Short web captions:

- - - - - - -

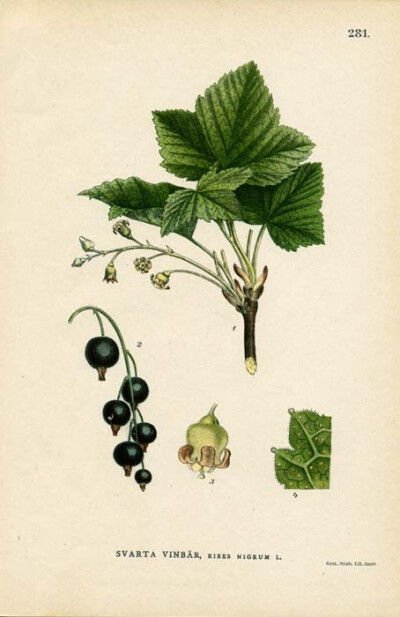 Svarta Vinbar, Ribes Nigrum L. (Black Currant)【百度：svarta vinbar，黑穗醋栗属（黑加仑）。青云：斯瓦特河酒栏，黑穗醋栗龙葵 L.(黑加仑)】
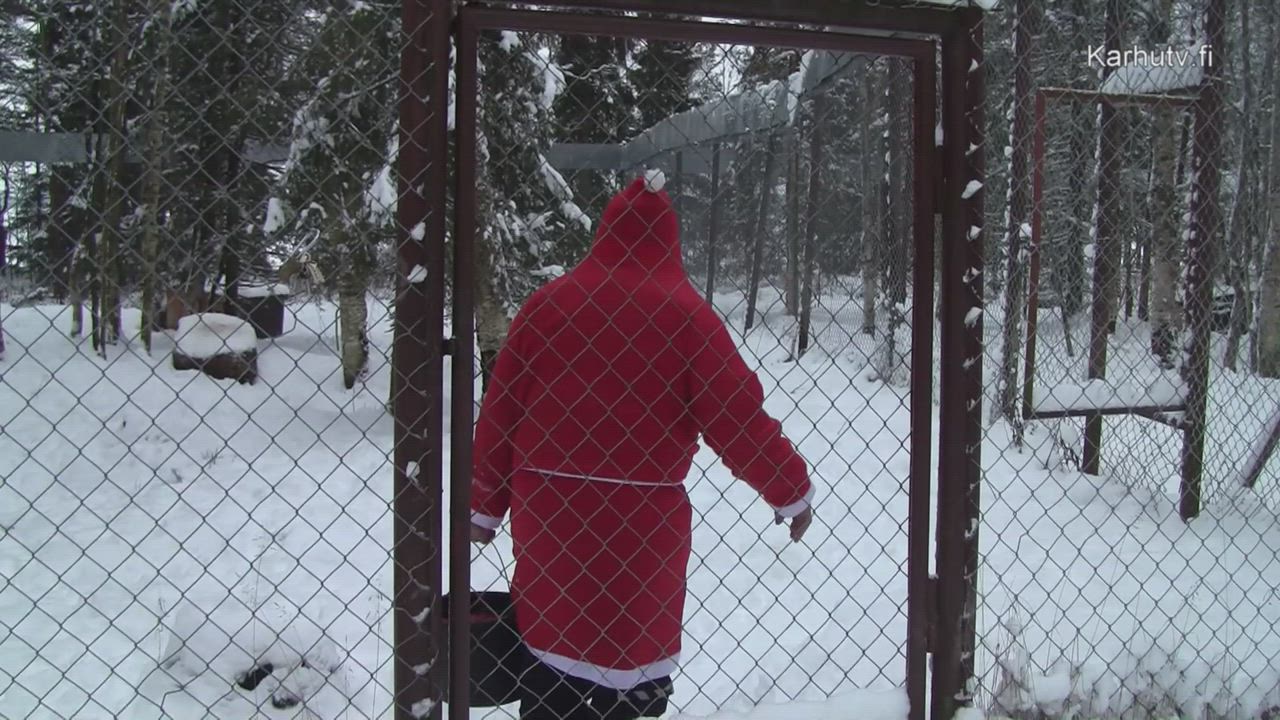 Joulupukki vieraili Kuusamon suurpetokeskuksessa - Mikko-kettu oli ollut erityisen kilttinä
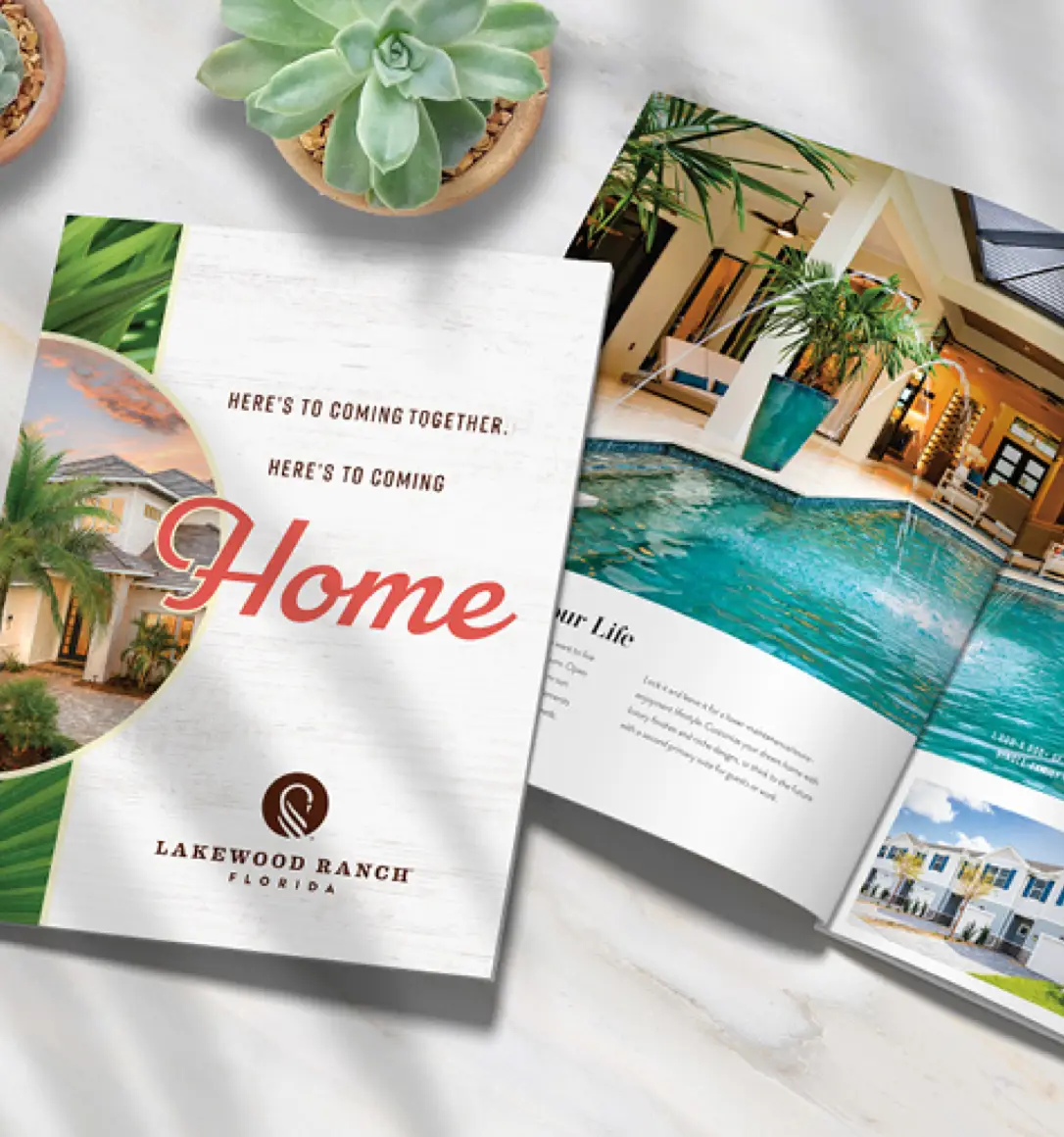 Services Launch Brochure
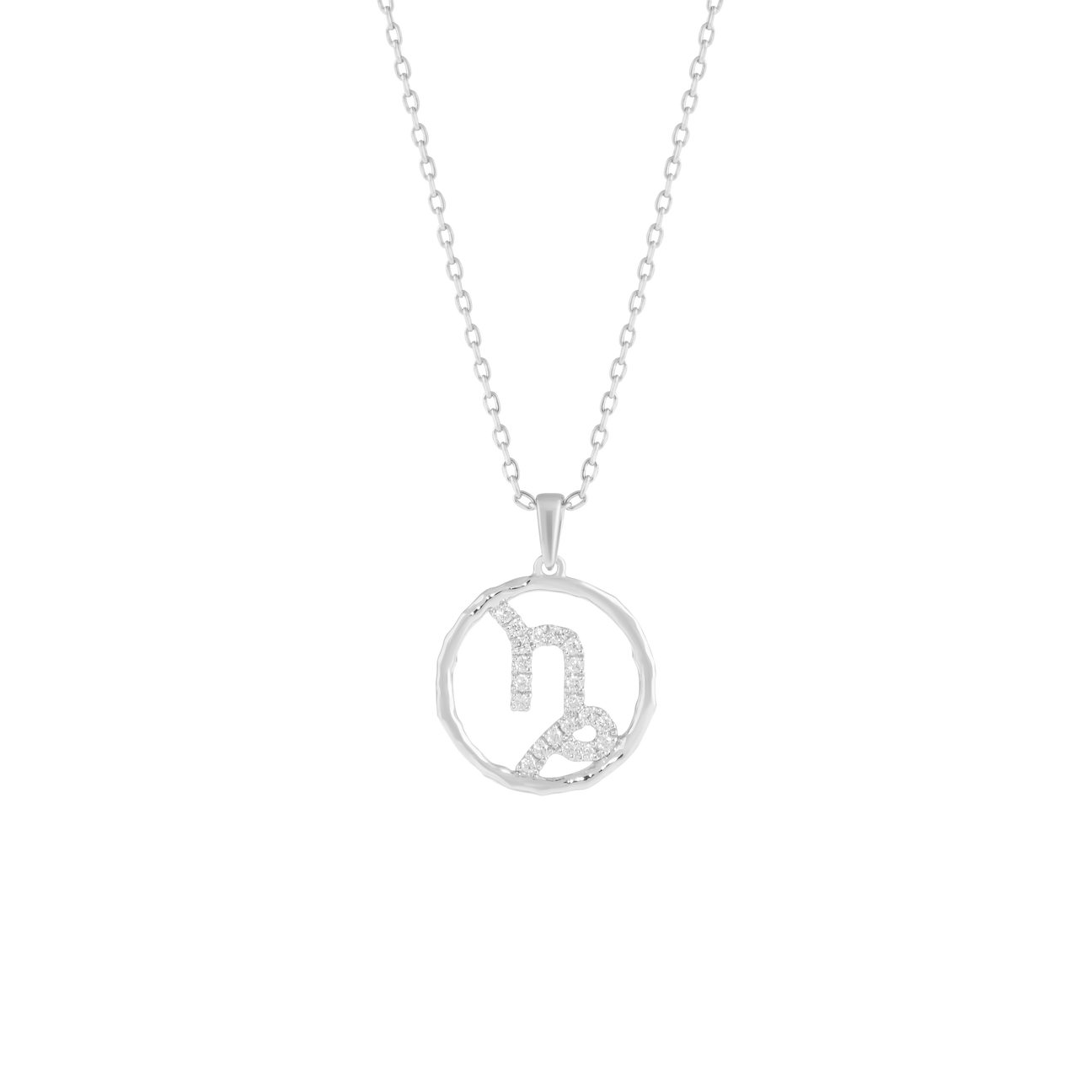 Capricorn medallion pendant necklace - Capricorn medallion pendant necklace -  The Future Rocks -    3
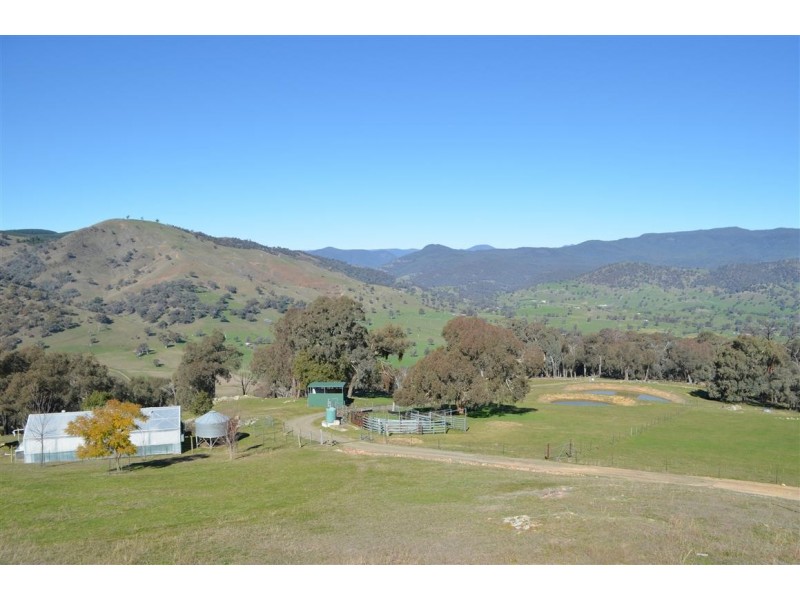 305 Argalong Road, Tumut NSW 2720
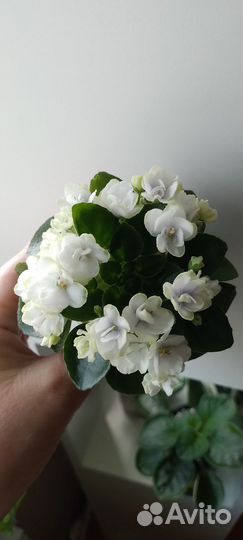 Детки фиалок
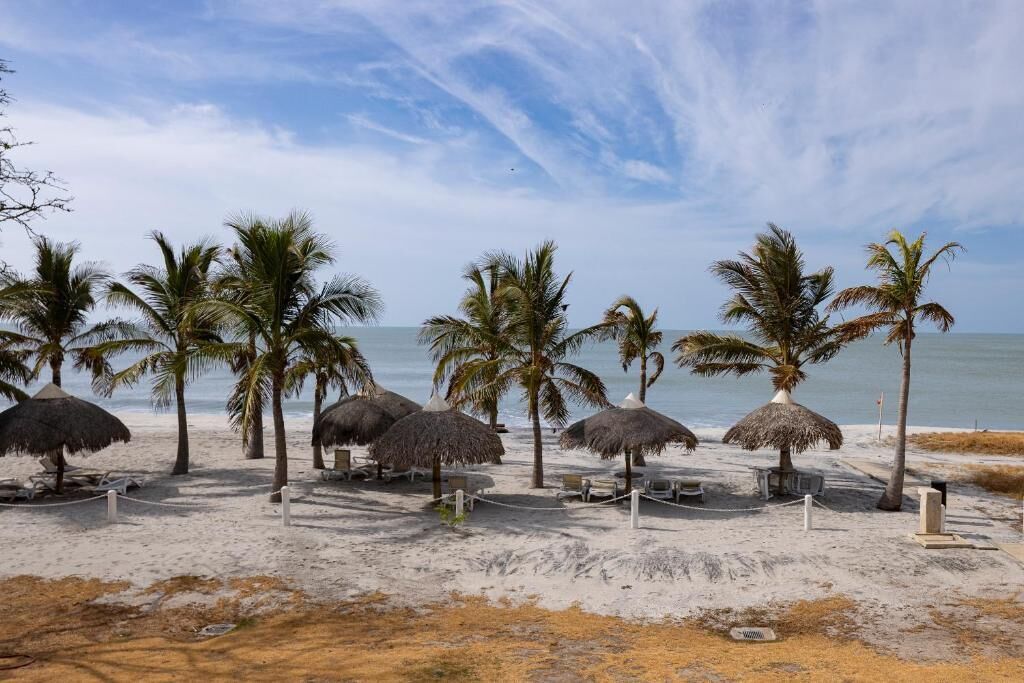 Una playa con sombrillas de paja y palmeras, arena y el océano al fondo.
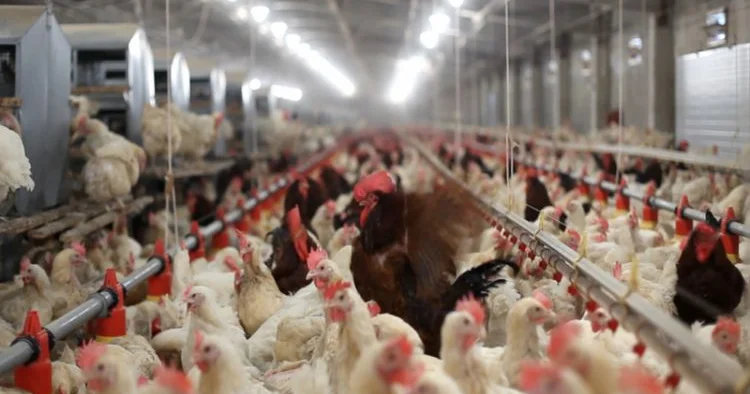 Ekoloji təmiz quş əti istehsalı bazarda nə dərəcədə yayılıb? ARAŞDIRMA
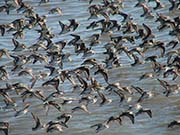Picture/image of Western Sandpiper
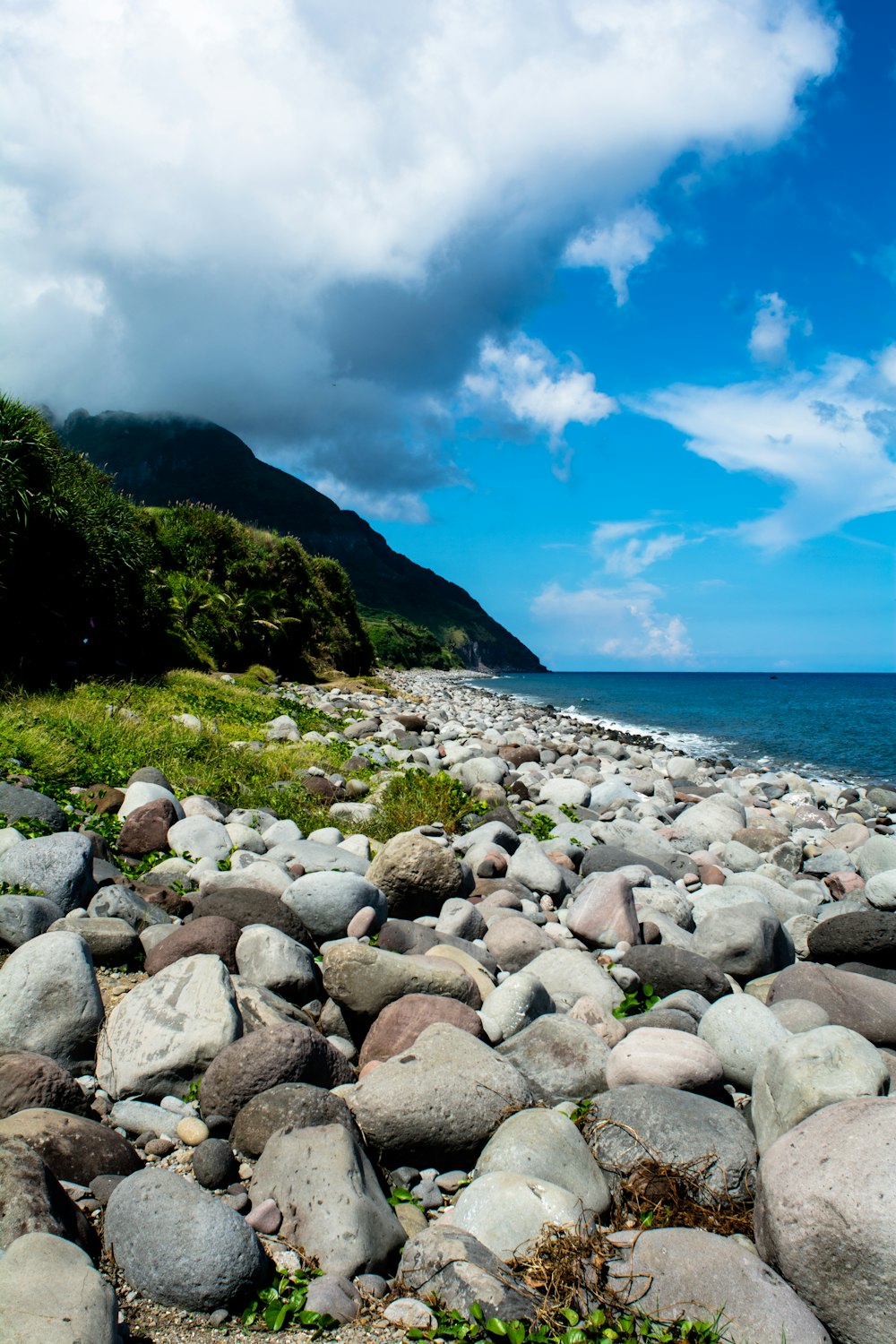 gray and brown rocks and green terrain near body of water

- - - - - - -

▶ [WORK INSTRUCTION]: Which lines run from the one containing "Picture/image of Western Sandpiper" through the last line of the entries above? Output them exactly, both ends included, with no pictures.

▶ [REPLY]:
Picture/image of Western Sandpiper
 gray and brown rocks and green terrain near body of water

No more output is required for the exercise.